Prompt gasoline demand has driven a steep backwardation in the paper market. The July FOB AR Eurobob barge swap was assessed at a $6.50/mt premium to the corresponding August swap July 5, up from a $3.75/mt premium a month ago.

Sources expected gasoline demand in Europe to continue rising as COVID-19 restrictions are further eased in many countries.

“Gasoline demand is looking pretty healthy, particularly in Italy and Spain,” one trader said.

The buoyant local demand has helped mitigate the impact of lackluster exports across the Atlantic Basin, with rising US Atlantic Coast gasoline inventories keeping a lid on flows.

While gasoline demand in the UK has been gradually increasing, it remained below pre-pandemic levels but the anticipated easing of COVID-19 restrictions in England July 19 could see demand rise further, sources said.

“UK gasoline demand is not quite at pre-pandemic levels yet. The Southeast is around 10% down while the rest of the country is 3%-5% down,” a trader said.

Meanwhile, strength in the wider crude oil complex has propelled outright values to multi-year highs. The front-month FOB AR Eurobob barge swap was assessed at $728.50/mt on July 6, up 1.3% on the day to its highest since Oct. 19, 2018.

Jet weighs on barrel

Despite a rise in jet fuel consumption in Europe as travel restrictions ease, jet fuel cracks have remained low, removing any incentive for refiners to increase jet yields.

Low jet yields have supported jet fuel cash differentials in Europe, which have been oscillating around a $20/mt premium to front-month ICE LSGO futures, higher than levels seen for most of 2020 but around half the typical premium before the pandemic hit.

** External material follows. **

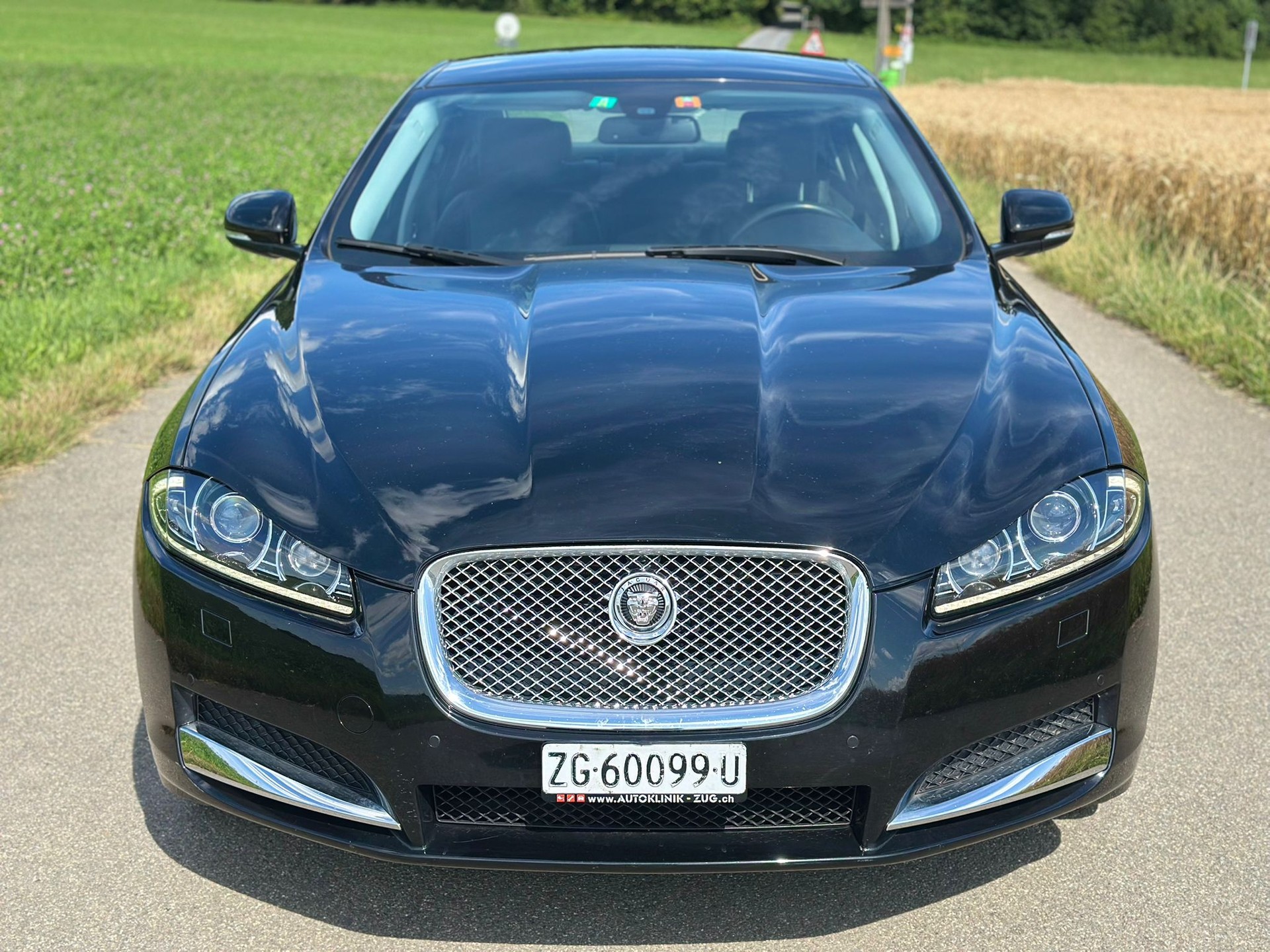 JAGUAR XF 3.0 V6 S/C Premium Luxury 4x4-showroom-element-2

“Refiners are not incentivized to produce any jet. There is no incentive to store jet either but we are still seeing high volume in storage,” a Europe-based jet fuel trader said.

“Europe will see some strength in coming months in term of regional demand but the trans-Atlantic, the long-haul travel rely on business travel which has not come back yet.”

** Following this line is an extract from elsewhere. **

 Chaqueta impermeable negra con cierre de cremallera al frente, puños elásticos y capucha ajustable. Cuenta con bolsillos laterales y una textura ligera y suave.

Global demand for aviation fuel stood 30% below pre-pandemic levels in early June and may not recover fully for two more years, according to a study published by the International Energy Forum June 30.

According to the European Organisation for the Safety of Air Navigation (Eurocontrol), the seven-day moving average of European flight traffic July 5 was around 60.1% of 2019 traffic level for the same week, up from 54.5% on June 30.

Diesel stuck in middle

With jet weak, refiners have been increasing their production of diesel while increasing runs to meet the growing demand for gasoline.

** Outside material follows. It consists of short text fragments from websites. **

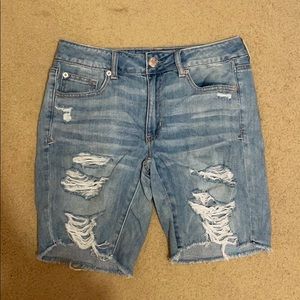 American Eagle Bermuda Shorts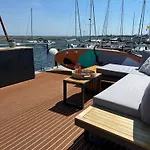 Hausboot Mit Motorboot Хайлигенхафен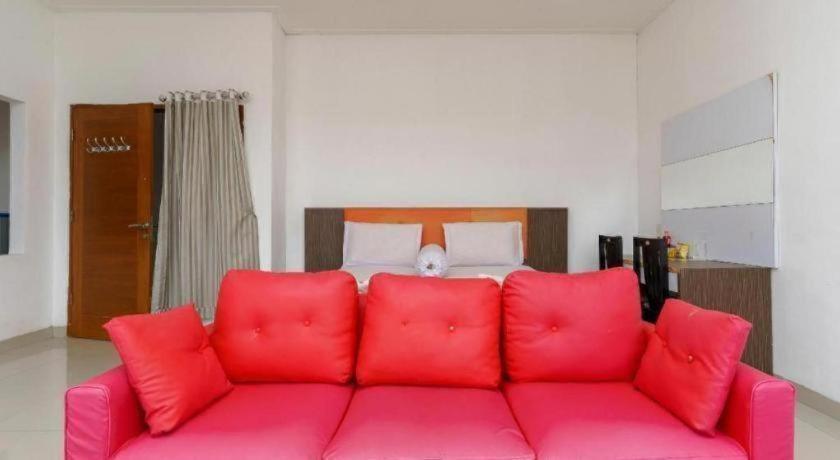 Hotel Ragunan Syaridin Mitra Reddoorz 2*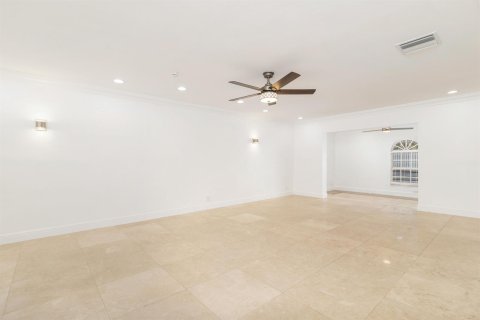 Casa en venta en West Palm Beach, Florida, 5 dormitorios, 368.08 m2 № 2082500 - foto 7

However, the recovery in diesel demand has not been pronounced as that of gasoline, plateauing at around 90% of pre-pandemic levels since early May in most European countries, according to trader estimates.

As a result, diesel supply remains ample and is unlikely to thin until demand for jet fuel takes off. Thus, traders expect diesel prices to largely trend sideways until jet demand returns.

That sentiment has been reflected in the contango in ICE LSGO futures, with the prompt contango rangebound between $1.25/mt and $1.75/mt since early May.

One trader described the market as “treading water”, while another said: “The contango is not even worth mentioning anymore.”